Source data below:
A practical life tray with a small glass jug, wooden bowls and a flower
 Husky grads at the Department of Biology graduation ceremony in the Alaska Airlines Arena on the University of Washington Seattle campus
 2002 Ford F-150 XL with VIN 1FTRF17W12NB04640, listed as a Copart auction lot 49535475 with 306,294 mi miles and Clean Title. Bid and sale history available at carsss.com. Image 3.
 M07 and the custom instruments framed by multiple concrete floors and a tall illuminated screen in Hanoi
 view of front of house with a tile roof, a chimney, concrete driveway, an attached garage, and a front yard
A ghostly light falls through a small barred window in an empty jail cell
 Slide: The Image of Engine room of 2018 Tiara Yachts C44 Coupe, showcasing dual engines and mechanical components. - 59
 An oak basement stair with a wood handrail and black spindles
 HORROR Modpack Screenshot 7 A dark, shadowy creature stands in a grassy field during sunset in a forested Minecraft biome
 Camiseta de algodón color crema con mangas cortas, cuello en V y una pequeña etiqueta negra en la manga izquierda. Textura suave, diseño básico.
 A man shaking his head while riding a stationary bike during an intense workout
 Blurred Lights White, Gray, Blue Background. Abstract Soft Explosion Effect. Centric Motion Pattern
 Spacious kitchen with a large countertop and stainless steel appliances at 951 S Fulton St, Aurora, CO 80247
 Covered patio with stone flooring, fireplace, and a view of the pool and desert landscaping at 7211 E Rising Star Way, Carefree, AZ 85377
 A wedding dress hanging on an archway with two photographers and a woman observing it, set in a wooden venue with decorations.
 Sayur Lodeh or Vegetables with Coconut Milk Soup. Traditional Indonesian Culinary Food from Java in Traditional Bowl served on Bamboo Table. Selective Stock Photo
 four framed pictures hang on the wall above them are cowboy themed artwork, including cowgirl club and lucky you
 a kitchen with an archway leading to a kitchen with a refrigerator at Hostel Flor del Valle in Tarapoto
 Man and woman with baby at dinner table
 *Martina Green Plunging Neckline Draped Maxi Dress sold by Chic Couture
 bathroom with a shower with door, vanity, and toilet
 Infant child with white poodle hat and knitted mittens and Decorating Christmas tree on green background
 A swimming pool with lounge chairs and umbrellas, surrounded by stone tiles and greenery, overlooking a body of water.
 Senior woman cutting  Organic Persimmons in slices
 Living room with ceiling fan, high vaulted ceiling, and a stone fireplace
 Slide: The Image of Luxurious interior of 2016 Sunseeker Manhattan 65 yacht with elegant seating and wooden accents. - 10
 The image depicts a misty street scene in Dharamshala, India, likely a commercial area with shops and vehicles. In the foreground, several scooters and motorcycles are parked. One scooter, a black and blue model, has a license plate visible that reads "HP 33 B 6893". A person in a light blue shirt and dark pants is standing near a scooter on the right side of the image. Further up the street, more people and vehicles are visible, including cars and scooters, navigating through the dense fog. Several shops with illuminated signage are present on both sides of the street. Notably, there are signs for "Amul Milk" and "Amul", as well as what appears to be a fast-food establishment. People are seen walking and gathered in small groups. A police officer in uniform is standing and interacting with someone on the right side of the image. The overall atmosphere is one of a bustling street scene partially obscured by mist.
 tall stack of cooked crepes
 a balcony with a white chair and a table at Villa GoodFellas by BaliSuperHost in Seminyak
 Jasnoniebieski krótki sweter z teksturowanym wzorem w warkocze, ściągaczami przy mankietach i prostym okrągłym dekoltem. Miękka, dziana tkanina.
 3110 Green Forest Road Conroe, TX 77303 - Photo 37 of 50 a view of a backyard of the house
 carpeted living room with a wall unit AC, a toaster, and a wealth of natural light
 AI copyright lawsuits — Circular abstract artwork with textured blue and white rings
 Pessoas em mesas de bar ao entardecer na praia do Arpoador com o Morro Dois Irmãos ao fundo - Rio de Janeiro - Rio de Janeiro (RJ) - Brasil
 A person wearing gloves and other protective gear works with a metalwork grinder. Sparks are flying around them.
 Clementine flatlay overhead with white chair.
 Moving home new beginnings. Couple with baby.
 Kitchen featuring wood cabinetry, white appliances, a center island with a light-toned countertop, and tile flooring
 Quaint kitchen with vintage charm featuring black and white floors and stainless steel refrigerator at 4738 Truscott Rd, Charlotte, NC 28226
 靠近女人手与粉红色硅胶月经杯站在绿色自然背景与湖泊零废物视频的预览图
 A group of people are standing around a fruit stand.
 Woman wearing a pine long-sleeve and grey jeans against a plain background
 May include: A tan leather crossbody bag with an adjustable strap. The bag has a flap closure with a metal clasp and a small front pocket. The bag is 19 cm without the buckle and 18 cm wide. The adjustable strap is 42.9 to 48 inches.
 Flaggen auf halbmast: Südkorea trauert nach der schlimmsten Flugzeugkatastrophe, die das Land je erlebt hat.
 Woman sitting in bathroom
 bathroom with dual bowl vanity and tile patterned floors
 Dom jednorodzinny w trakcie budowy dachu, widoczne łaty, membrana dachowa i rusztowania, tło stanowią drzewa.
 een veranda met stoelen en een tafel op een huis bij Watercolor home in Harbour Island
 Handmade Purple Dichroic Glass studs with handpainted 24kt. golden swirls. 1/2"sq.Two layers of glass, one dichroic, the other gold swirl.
End of Source data.
**Brief:** An identical copy of the entries above is the expected result.

**Output of the exercise:**
A practical life tray with a small glass jug, wooden bowls and a flower
 Husky grads at the Department of Biology graduation ceremony in the Alaska Airlines Arena on the University of Washington Seattle campus
 2002 Ford F-150 XL with VIN 1FTRF17W12NB04640, listed as a Copart auction lot 49535475 with 306,294 mi miles and Clean Title. Bid and sale history available at carsss.com. Image 3.
 M07 and the custom instruments framed by multiple concrete floors and a tall illuminated screen in Hanoi
 view of front of house with a tile roof, a chimney, concrete driveway, an attached garage, and a front yard
A ghostly light falls through a small barred window in an empty jail cell
 Slide: The Image of Engine room of 2018 Tiara Yachts C44 Coupe, showcasing dual engines and mechanical components. - 59
 An oak basement stair with a wood handrail and black spindles
 HORROR Modpack Screenshot 7 A dark, shadowy creature stands in a grassy field during sunset in a forested Minecraft biome
 Camiseta de algodón color crema con mangas cortas, cuello en V y una pequeña etiqueta negra en la manga izquierda. Textura suave, diseño básico.
 A man shaking his head while riding a stationary bike during an intense workout
 Blurred Lights White, Gray, Blue Background. Abstract Soft Explosion Effect. Centric Motion Pattern
 Spacious kitchen with a large countertop and stainless steel appliances at 951 S Fulton St, Aurora, CO 80247
 Covered patio with stone flooring, fireplace, and a view of the pool and desert landscaping at 7211 E Rising Star Way, Carefree, AZ 85377
 A wedding dress hanging on an archway with two photographers and a woman observing it, set in a wooden venue with decorations.
 Sayur Lodeh or Vegetables with Coconut Milk Soup. Traditional Indonesian Culinary Food from Java in Traditional Bowl served on Bamboo Table. Selective Stock Photo
 four framed pictures hang on the wall above them are cowboy themed artwork, including cowgirl club and lucky you
 a kitchen with an archway leading to a kitchen with a refrigerator at Hostel Flor del Valle in Tarapoto
 Man and woman with baby at dinner table
 *Martina Green Plunging Neckline Draped Maxi Dress sold by Chic Couture
 bathroom with a shower with door, vanity, and toilet
 Infant child with white poodle hat and knitted mittens and Decorating Christmas tree on green background
 A swimming pool with lounge chairs and umbrellas, surrounded by stone tiles and greenery, overlooking a body of water.
 Senior woman cutting  Organic Persimmons in slices
 Living room with ceiling fan, high vaulted ceiling, and a stone fireplace
 Slide: The Image of Luxurious interior of 2016 Sunseeker Manhattan 65 yacht with elegant seating and wooden accents. - 10
 The image depicts a misty street scene in Dharamshala, India, likely a commercial area with shops and vehicles. In the foreground, several scooters and motorcycles are parked. One scooter, a black and blue model, has a license plate visible that reads "HP 33 B 6893". A person in a light blue shirt and dark pants is standing near a scooter on the right side of the image. Further up the street, more people and vehicles are visible, including cars and scooters, navigating through the dense fog. Several shops with illuminated signage are present on both sides of the street. Notably, there are signs for "Amul Milk" and "Amul", as well as what appears to be a fast-food establishment. People are seen walking and gathered in small groups. A police officer in uniform is standing and interacting with someone on the right side of the image. The overall atmosphere is one of a bustling street scene partially obscured by mist.
 tall stack of cooked crepes
 a balcony with a white chair and a table at Villa GoodFellas by BaliSuperHost in Seminyak
 Jasnoniebieski krótki sweter z teksturowanym wzorem w warkocze, ściągaczami przy mankietach i prostym okrągłym dekoltem. Miękka, dziana tkanina.
 3110 Green Forest Road Conroe, TX 77303 - Photo 37 of 50 a view of a backyard of the house
 carpeted living room with a wall unit AC, a toaster, and a wealth of natural light
 AI copyright lawsuits — Circular abstract artwork with textured blue and white rings
 Pessoas em mesas de bar ao entardecer na praia do Arpoador com o Morro Dois Irmãos ao fundo - Rio de Janeiro - Rio de Janeiro (RJ) - Brasil
 A person wearing gloves and other protective gear works with a metalwork grinder. Sparks are flying around them.
 Clementine flatlay overhead with white chair.
 Moving home new beginnings. Couple with baby.
 Kitchen featuring wood cabinetry, white appliances, a center island with a light-toned countertop, and tile flooring
 Quaint kitchen with vintage charm featuring black and white floors and stainless steel refrigerator at 4738 Truscott Rd, Charlotte, NC 28226
 靠近女人手与粉红色硅胶月经杯站在绿色自然背景与湖泊零废物视频的预览图
 A group of people are standing around a fruit stand.
 Woman wearing a pine long-sleeve and grey jeans against a plain background
 May include: A tan leather crossbody bag with an adjustable strap. The bag has a flap closure with a metal clasp and a small front pocket. The bag is 19 cm without the buckle and 18 cm wide. The adjustable strap is 42.9 to 48 inches.
 Flaggen auf halbmast: Südkorea trauert nach der schlimmsten Flugzeugkatastrophe, die das Land je erlebt hat.
 Woman sitting in bathroom
 bathroom with dual bowl vanity and tile patterned floors
 Dom jednorodzinny w trakcie budowy dachu, widoczne łaty, membrana dachowa i rusztowania, tło stanowią drzewa.
 een veranda met stoelen en een tafel op een huis bij Watercolor home in Harbour Island
 Handmade Purple Dichroic Glass studs with handpainted 24kt. golden swirls. 1/2"sq.Two layers of glass, one dichroic, the other gold swirl.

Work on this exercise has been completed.